● **Records**

----

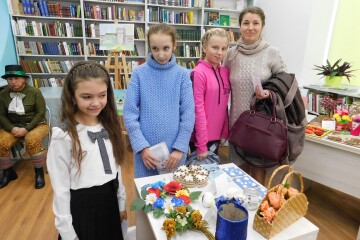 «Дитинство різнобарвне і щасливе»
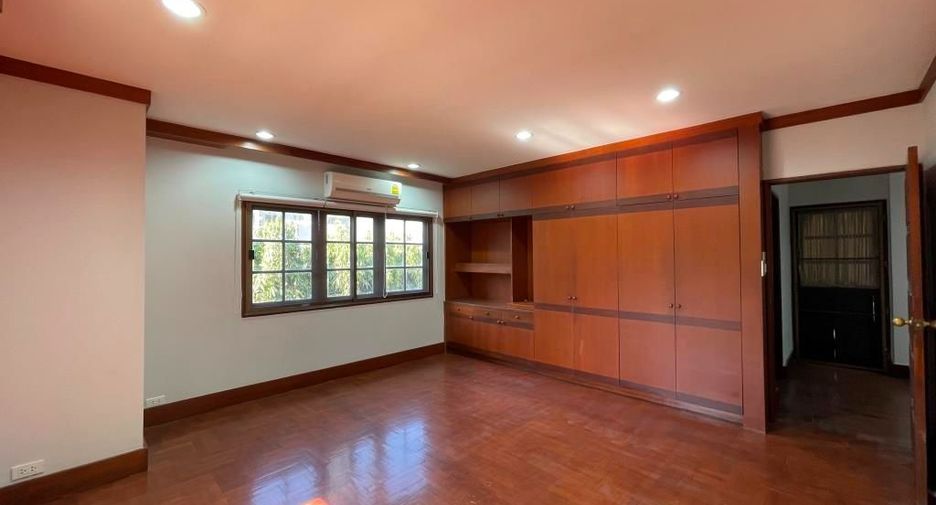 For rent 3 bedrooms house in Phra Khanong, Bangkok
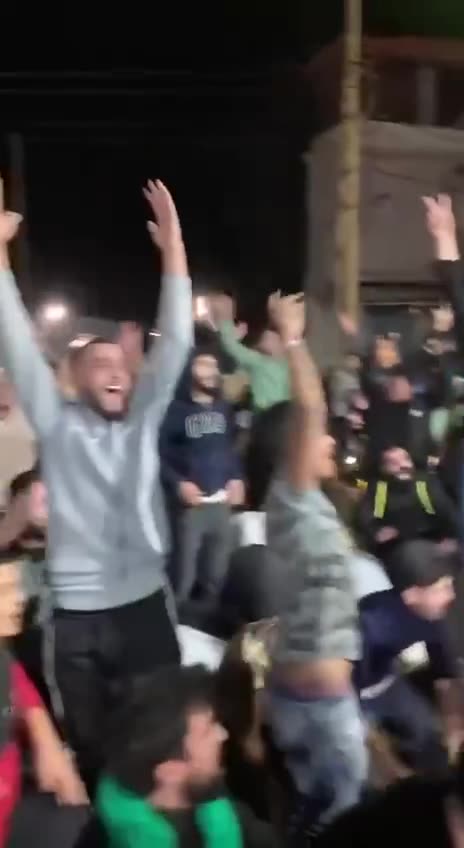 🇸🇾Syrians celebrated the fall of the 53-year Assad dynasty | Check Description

----

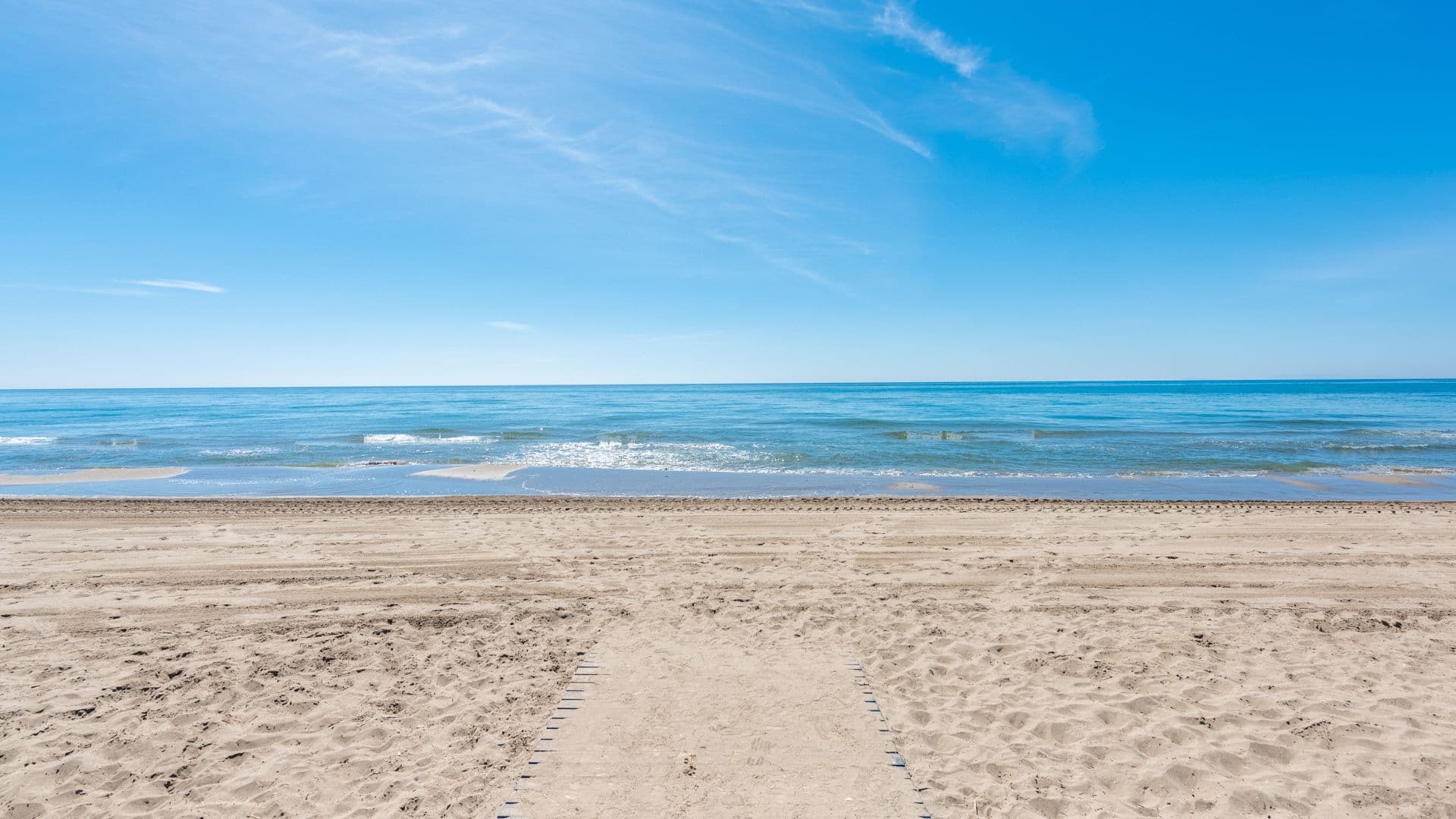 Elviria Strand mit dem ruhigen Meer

----

● **What needs to be done**
Among the entries above, copy exactly the stretch from the line holding "For rent 3 bedrooms" through the line holding "dynasty | Check Description", leaving out any pictures.

● **Answer to the exercise**
 For rent 3 bedrooms house in Phra Khanong, Bangkok
 🇸🇾Syrians celebrated the fall of the 53-year Assad dynasty | Check Description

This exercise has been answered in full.